What you have to do: Transcribe exactly everything in the data below from the line containing "Framed John Singer" down to the line containing "14K White Gold", both lines included and nothing further.

Material for this task:
== == ==

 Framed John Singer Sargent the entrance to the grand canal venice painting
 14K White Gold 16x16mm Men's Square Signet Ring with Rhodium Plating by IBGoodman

== == ==

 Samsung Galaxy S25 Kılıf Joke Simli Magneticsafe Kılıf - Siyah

== == ==

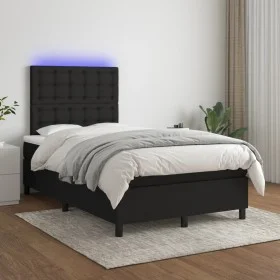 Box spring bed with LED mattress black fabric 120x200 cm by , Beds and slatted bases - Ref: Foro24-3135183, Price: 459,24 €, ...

== == ==

Response box:
 Framed John Singer Sargent the entrance to the grand canal venice painting
 14K White Gold 16x16mm Men's Square Signet Ring with Rhodium Plating by IBGoodman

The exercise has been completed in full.